Tras su muerte, el rancho pasó a ella. No necesitaba oír los términos del testamento para saberlo. Clay sabía que se quedaría, que había dejado atrás el Este. Si algunos recuerdos de su vida anterior todavía coleaban en su interior, los enterraría... Sin duda más fácilmente de lo que había enterrado a su abuelo.

Se estaba autocompadeciendo y darse cuenta de eso la impacientó. Clay había vivido muchos años y muy a fondo, haciendo lo que quería y siempre a su manera. La enfermedad había ido consumiéndolo y le habría reportado dolor y humillación de haber continuado. Si pudiera verla en ese momento, afligiéndose por su pérdida, no lo soportaría; denostaría su actitud.

« ¡Dios Todopoderoso, muchacha! ¿Qué haces aquí perdiendo el tiempo?, ¿es que no sabes que hay un rancho que dirigir? Reúne algunos hombres para que vayan a revisar la cerca del cuarenta oeste antes de que tengamos a las vacas vagando por todo Montana.»

Sí, pensó con una media sonrisa. Diría algo así, y se habría metido un poco con ella antes de marcharse gruñendo. Ella, claro está, también se habría metido con él.

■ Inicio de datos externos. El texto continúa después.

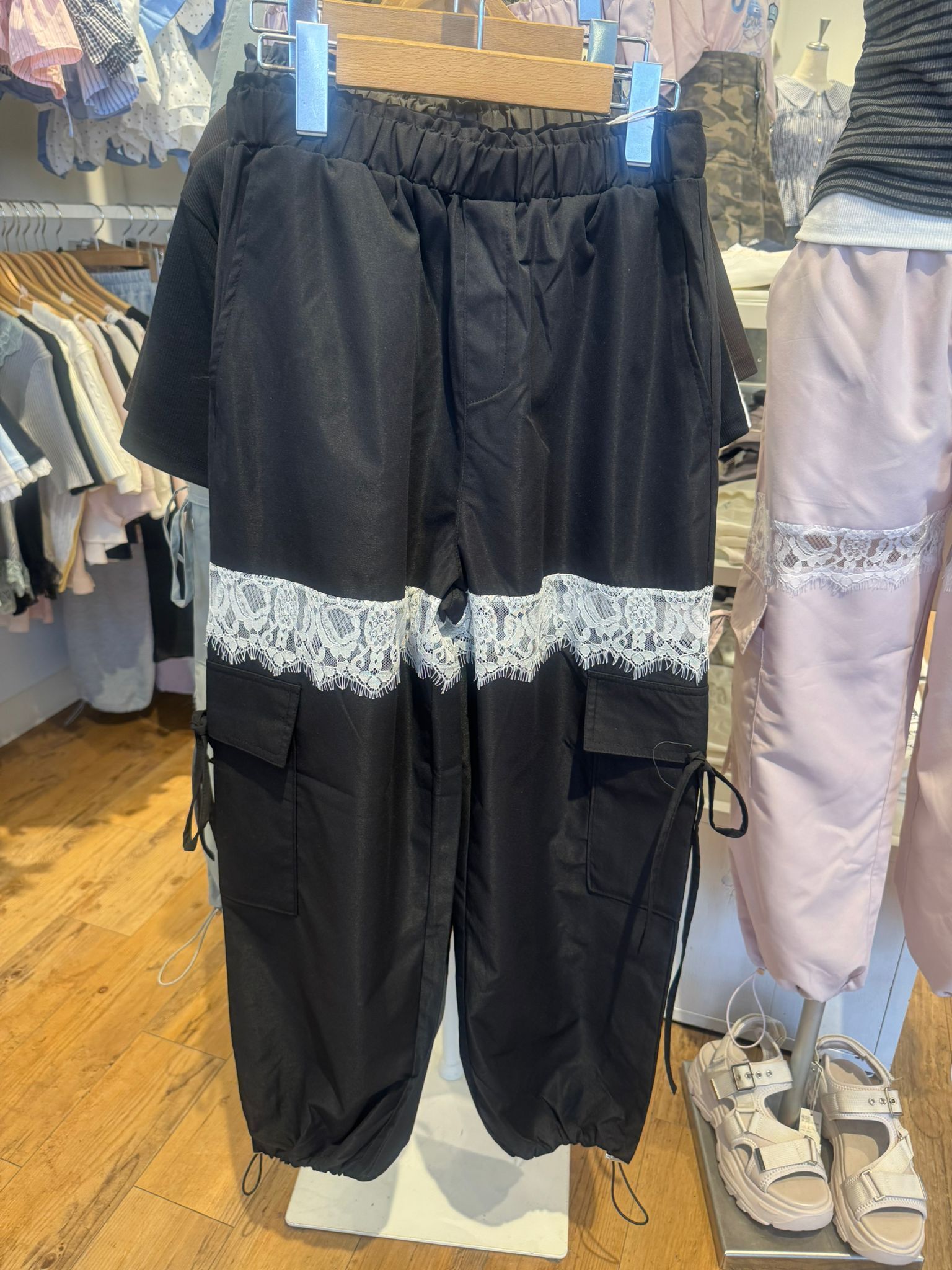 OE01  腰26-39 長37 hip 50 $299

-Eh, viejo oso sarnoso -murmuró-, voy a convertir Utopía en el mejor rancho de Montana sólo para fastidiarte -se rió y levantó la cara hacia el cielo-. ¡Ya lo verás!

Al darse cuenta de su cambio de humor, la yegua comenzó a moverse con impaciencia y a sacudir la cabeza.

-De acuerdo, Delilah -se inclinó para darle unas palmaditas en el cuello-, tenemos toda la tarde –con un movimiento diestro, hizo dar media vuelta al animal y éste avanzó con paso ligero.

No disponía de muchas horas libres, así que le resultaban preciosas. Haría lo que fuera con tal de disponer de momentos así y eso le hacía apreciarlos más. Si al día siguiente tuviera que trabajar dieciocho horas para recuperar ese rato, lo haría sin quejarse. Incluso echaría un vistazo a los libros de cuentas, pensó con un suspiro, aunque estaba ese novillo enfermo al que había que vigilar... y el maldito Jeep se había vuelto a averiar por tercera vez ese mes. Y estaba la cerca que marcaba los límites del rancho, la que marcaba el límite con los McCarty, pensó con una mueca.

La enemistad entre los Hale y los McCarty se remontaba a principios del siglo XX, cuando Noah Hale, su bisabuelo, llegó al sureste de Montana. Su intención era continuar hacia las montañas en busca de oro, pero se había establecido en aquel lugar. Los McCarty ya estaban allí, en su rancho, rico e inmenso. Para ellos, los Hale eran unos campesinos, intrusos condenados al fracaso o a ser expulsados. Rosalie rechinó los dientes al recordar las historias que le había contado su abuelo: cercas cortadas, robo de ganado, cosechas arruinadas.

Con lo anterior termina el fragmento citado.